Consider $\sigma \in S_n$ and assume that $\sigma(n) = k \neq n$, otherwise we could think of $\sigma$ as a product of transpositions in $S_{n – 1}$ and tack on $\tau (n) = n$ for all the transpositions. Take transposition $\tau \in S_n$ that interchanges $k$ and $n$. Then $\tau \sigma$ leaves $n$ fixed and can therefore be written as $\tau \sigma = \tau_m \tau_{m – 1} \dots \tau_1$ where all the transpositions on the right-hand side are extensions of transpositions in $S_{n – 1}$ that leave $n$ fixed. Multiply by $\tau$ on the left to see that $\sigma = \tau \tau_m \tau_{m – 1} \dots \tau_1$ as desired.

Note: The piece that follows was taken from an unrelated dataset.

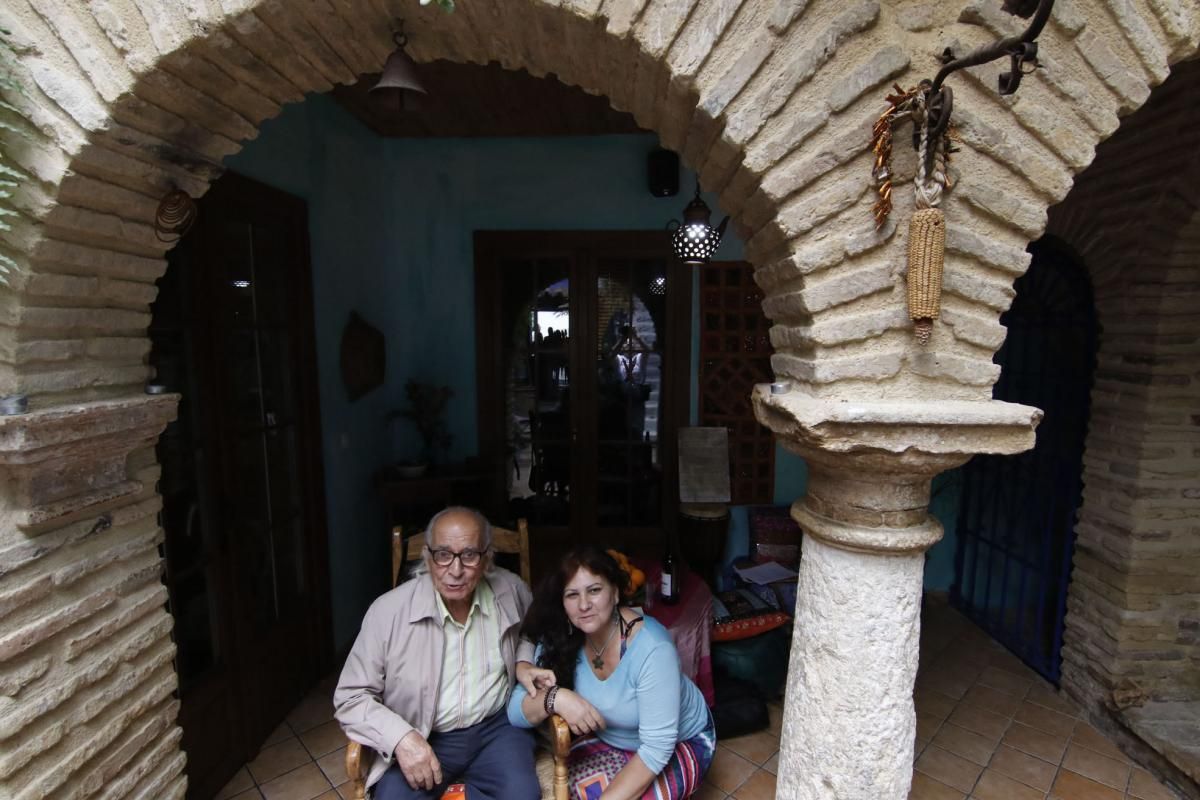 Paseando por los patios de la San Lorenzo y San Rafael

To prove that $\#(S_n) = n!$ we again use induction on $n$. The base case is clear. Assume that $\# (S_{n – 1}) = (n – 1)!$. The subgroup $H$ of $S_n$ that leaves $n$ fixed is isomorphic to $S_{n – 1}$ because the elements of $S_{n – 1}$ are the same as those of $H$, except that they are restricted to $\{ 1, \dots n – 1 \}$. The elements $\sigma_1, \dots, \sigma_n$ as described are coset representatives (of distinct cosets) of $H$ in $S_n$. The argument $\sigma_i h_1 = \sigma_j h_2 \Rightarrow \sigma_i = \sigma_j h_2 h_1^{-1} \Rightarrow \sigma_i H = \sigma_j h_2 h_1^{-1} H \Rightarrow \sigma_i H = \sigma_j H$ shows that two such cosets are either disjoint or equal.
Question:
Unfortunately I cannot quite put my finger on why $\bigcup_{i = 1}^n \sigma_i H = S_n$. If I consider $\sigma \in S_n$ such that $\sigma (n) = k$, then I feel like I need to show that $\sigma \in \sigma_k H$, but I don't see how to do this. Why is this "immediately verified"?
Once I've shown this, I see that Lagrange's theorem gets us $(S_n : 1) = n(n – 1)!$ as desired.
I appreciate any help.
Best Answer
If $\sigma(k)=n$ and $\sigma_k(n)=k$ then $\sigma^{-1}\sigma_k(n)=n$ so $\sigma^{-1}\sigma_k\in H $ since it fixes $n$ hence $ \sigma_k^{-1}\sigma \in H\Rightarrow \sigma \in \sigma_k H$